** Information given follows **

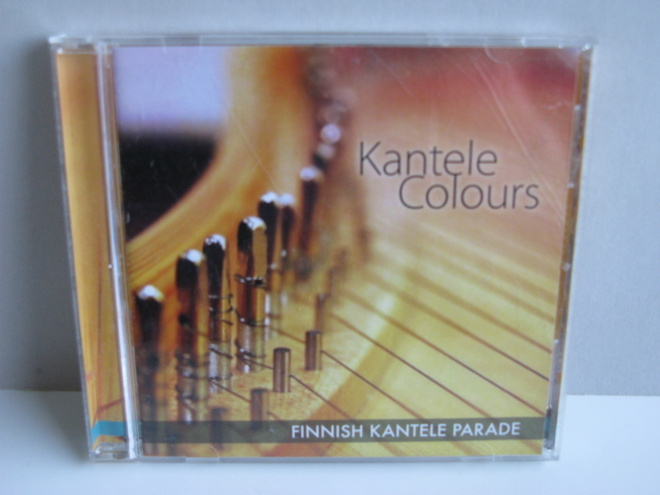 Kantele Colours-Finnish Kantele parade CD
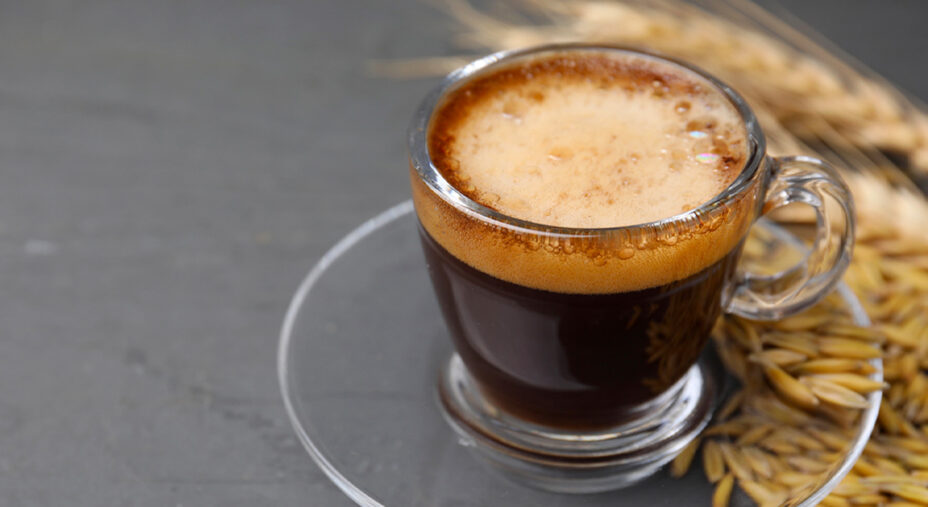 Il caffè d'orzo non ha caffeina e non disturba il sonno (depositphotos.com)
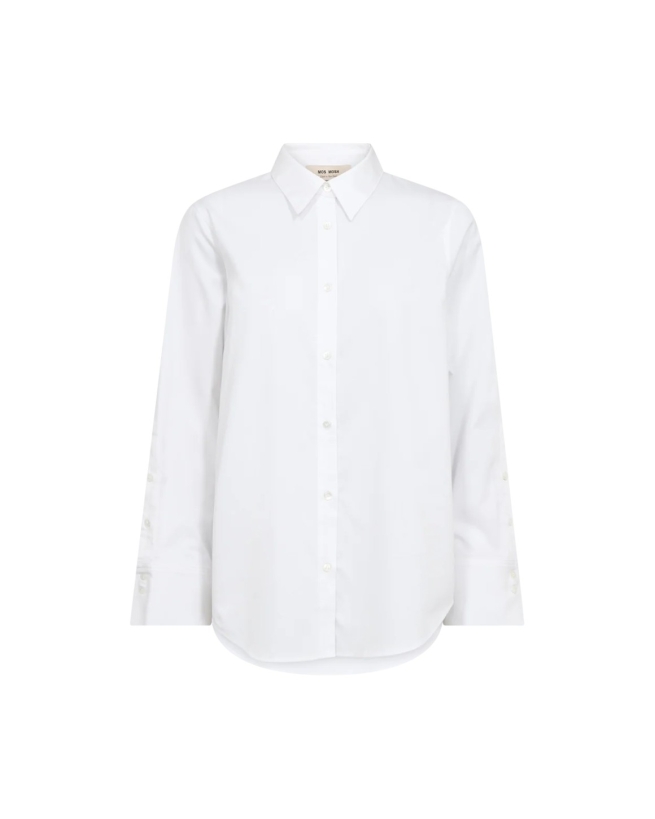 Mos Mosh - Winola Cotton Twill Skjorte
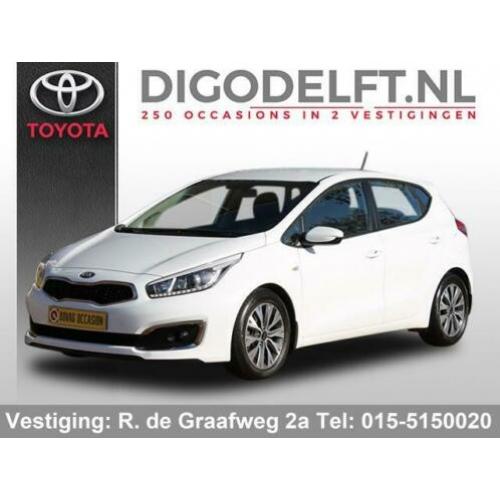 Kia cee'd 1.6 GDi DynamicLine Automaat | Airco | Navigatie |
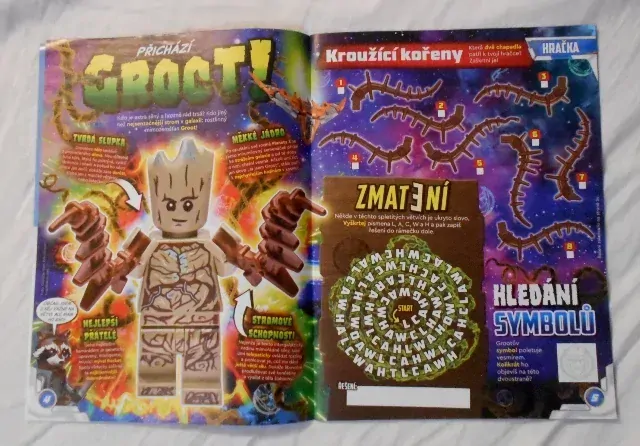 Časopis Lego Avengers 6 / 2023 - bez dárků s posterem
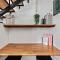 Bright and Spacious Loft-Style Apartment a Five-Minute Walk to the Beach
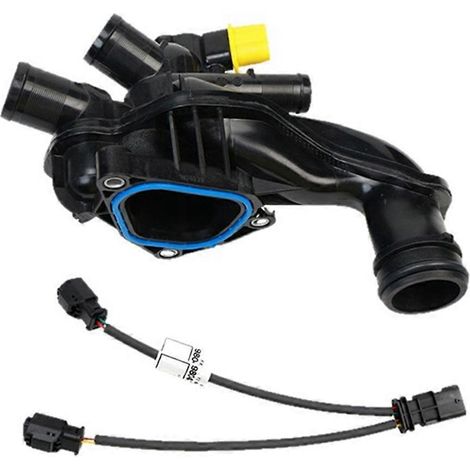 Boîtier de thermostat 9810916880 V764558080 pour MINI R56 R55, Peugeot 207 208 308 508 2008 3008 1.4 1.6 16VTi et Citroën (1/5)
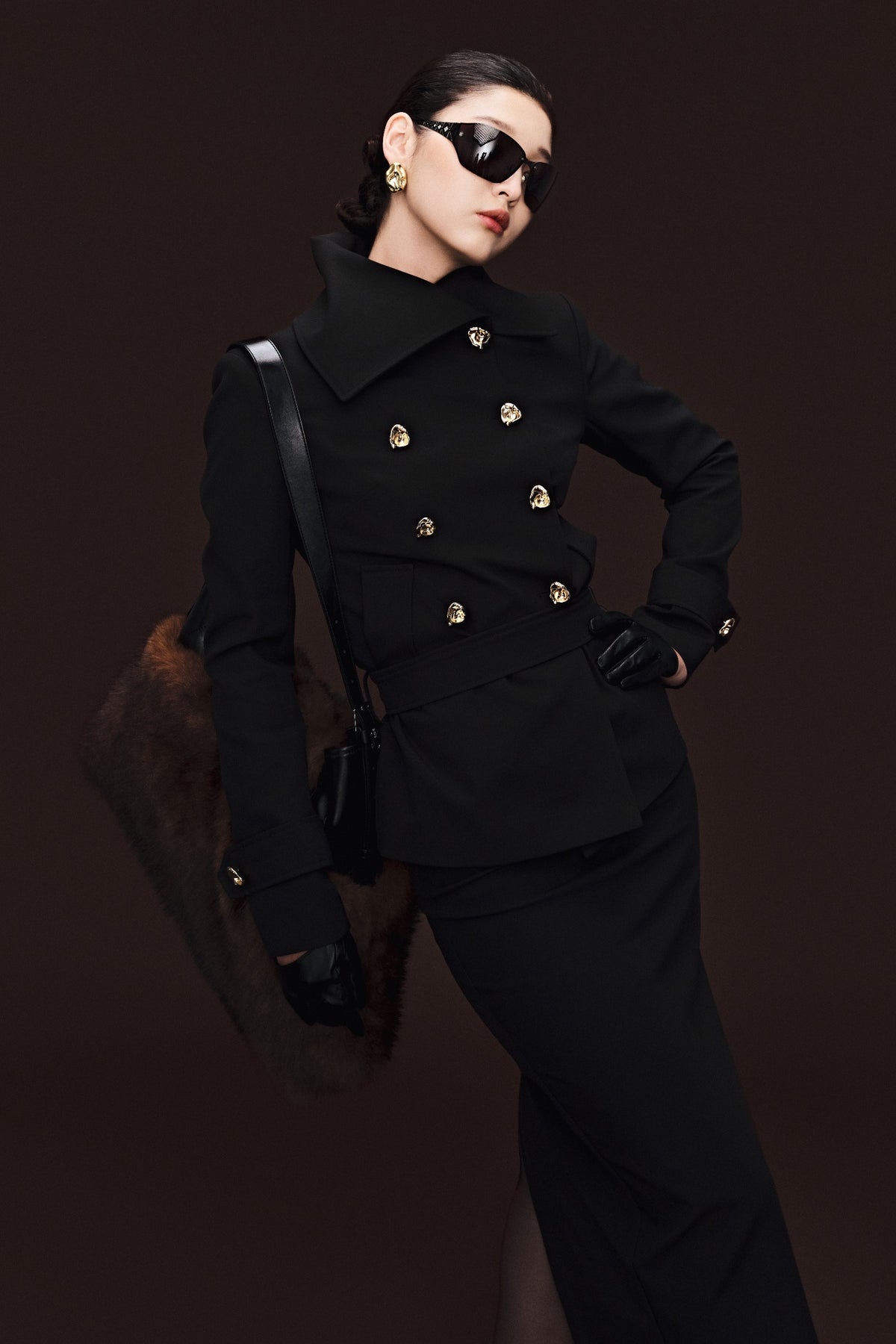 Florence Button Jacket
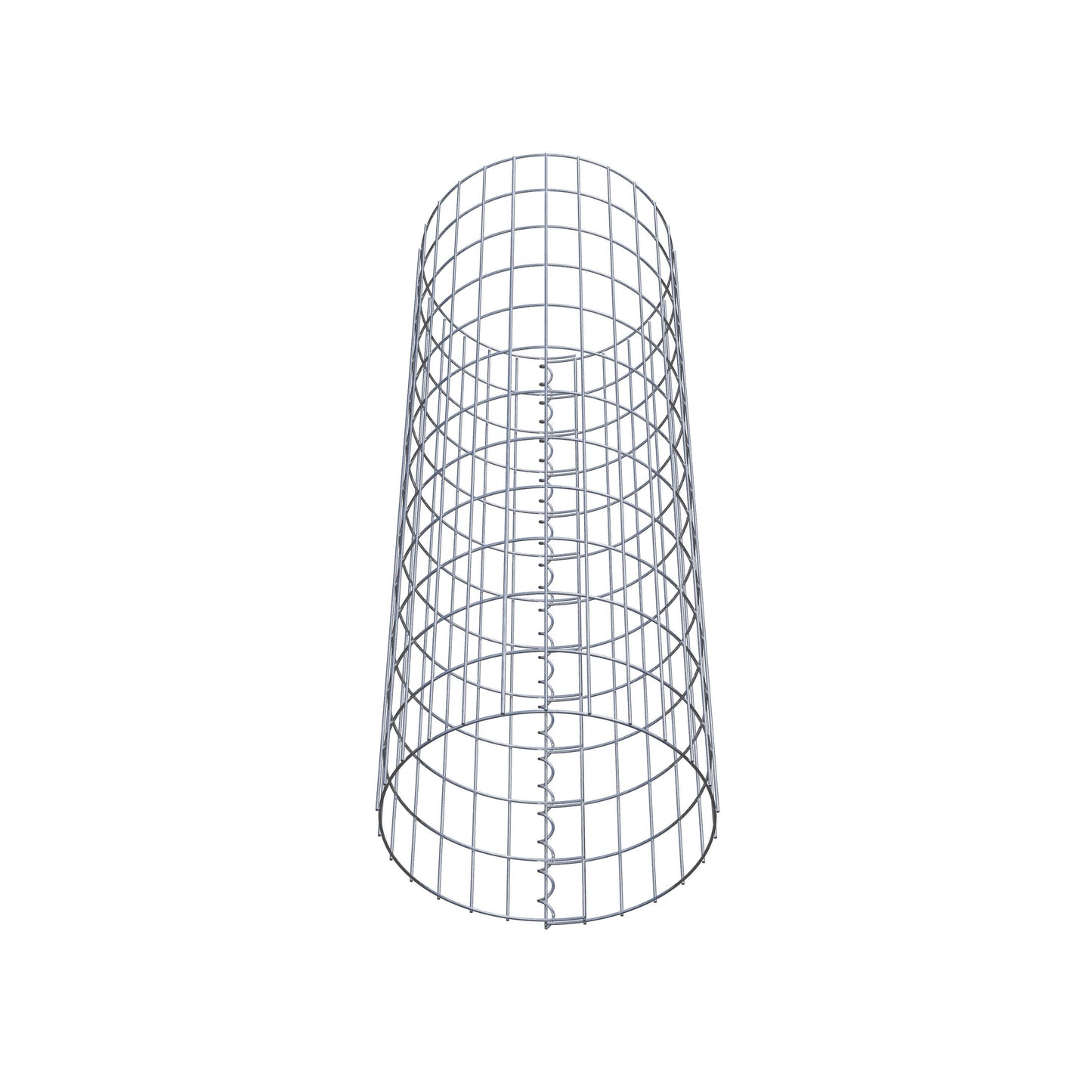 Colonne de gabion diamètre 42 cm, MW 5 x 10 cm rond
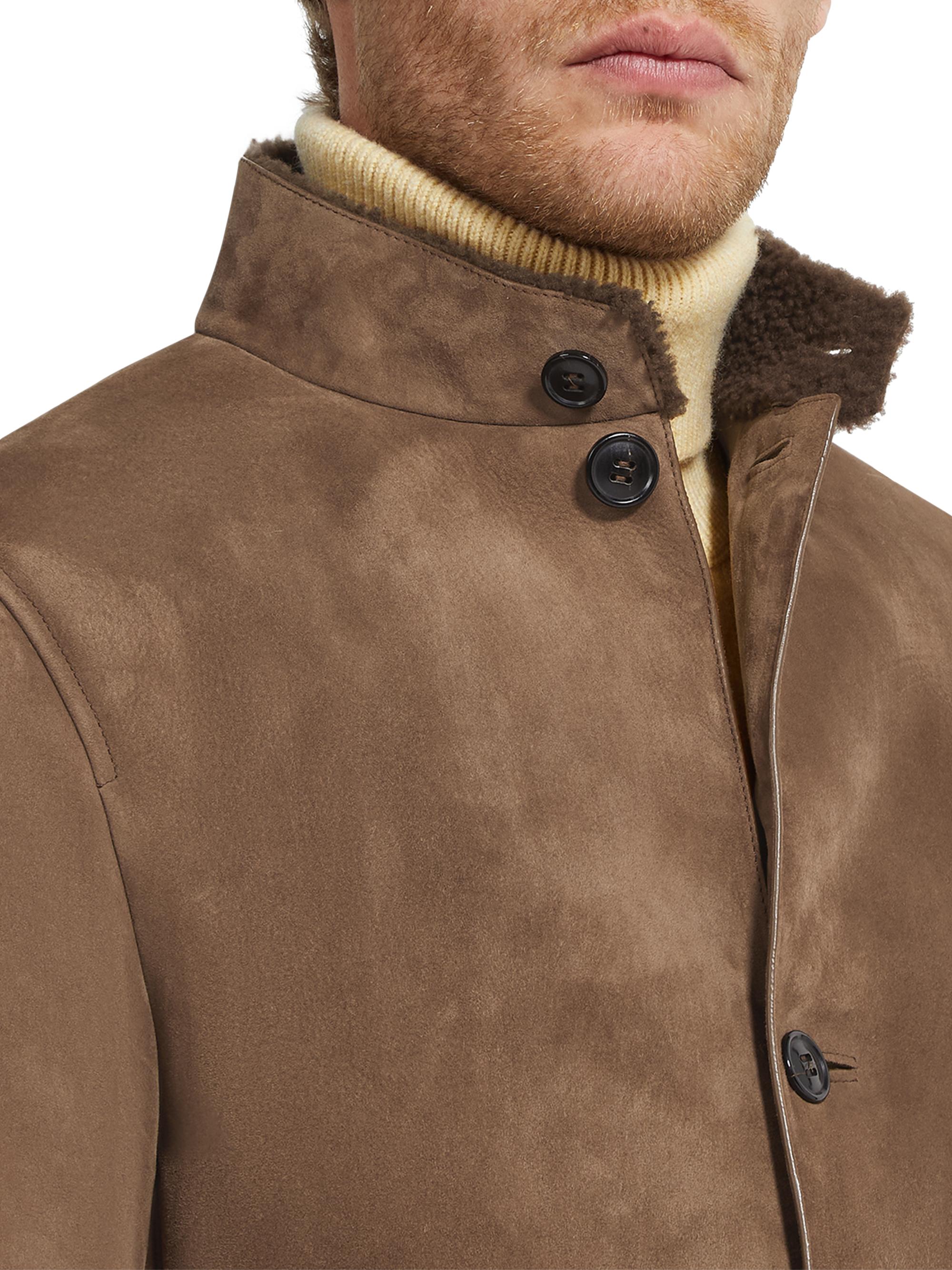 ZEGNA Shearling Il Conte Jacket | Saks Fifth Avenue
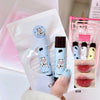 Baby Cow Lip Balm Set Moisture Tinted Lipstick Long-Lasting Moisturizing Nutritious Lip Pomade Red Tint Lipgloss Fruity Lip Care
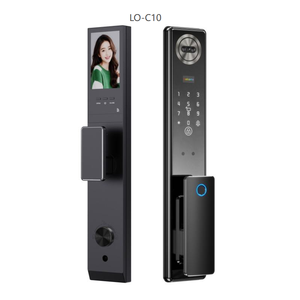 Cerradura Inteligente con Reconocimiento Facial 3D, Huella Dactilar, Videoportero, Desbloqueo por Aplicación Tuya Wifi, Cerradura Digital con Tarjeta, Llave, Código RFID - Product Image 1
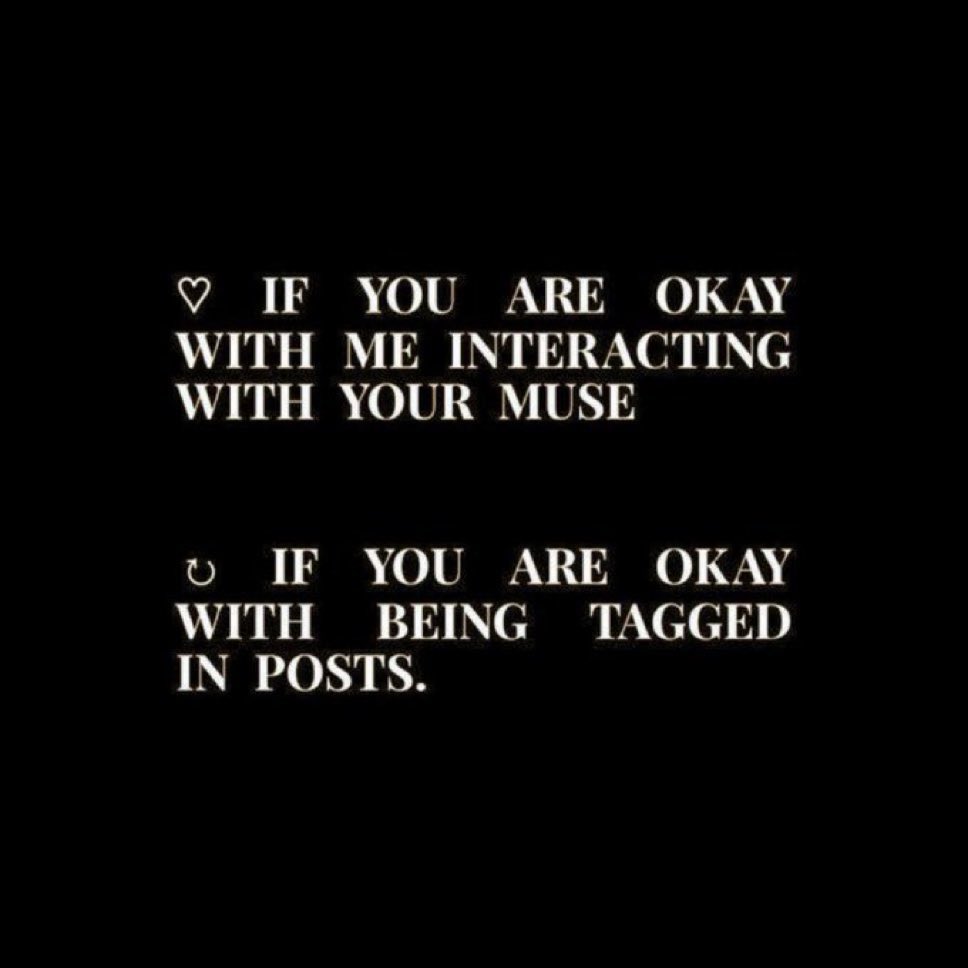 //I really want to interact with all of you! So just let me know through this post here!!!!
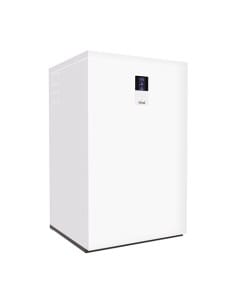 Caldaia 34 Kw Ferroli Bluehelix HiTech RRT B 34 K 50 a Basamento a condensazione con accumulo 50L cod. 0T4U7AWA gas metano - ...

** End of Information given **

What is required: Word for word, restate the lines above from the first through the one that contains "Florence Button Jacket", and exclude all pictures.

Exercise answer:
 Kantele Colours-Finnish Kantele parade CD
 Il caffè d'orzo non ha caffeina e non disturba il sonno (depositphotos.com)
 Mos Mosh - Winola Cotton Twill Skjorte
 Kia cee'd 1.6 GDi DynamicLine Automaat | Airco | Navigatie |
 Časopis Lego Avengers 6 / 2023 - bez dárků s posterem
 Bright and Spacious Loft-Style Apartment a Five-Minute Walk to the Beach
 Boîtier de thermostat 9810916880 V764558080 pour MINI R56 R55, Peugeot 207 208 308 508 2008 3008 1.4 1.6 16VTi et Citroën (1/5)
 Florence Button Jacket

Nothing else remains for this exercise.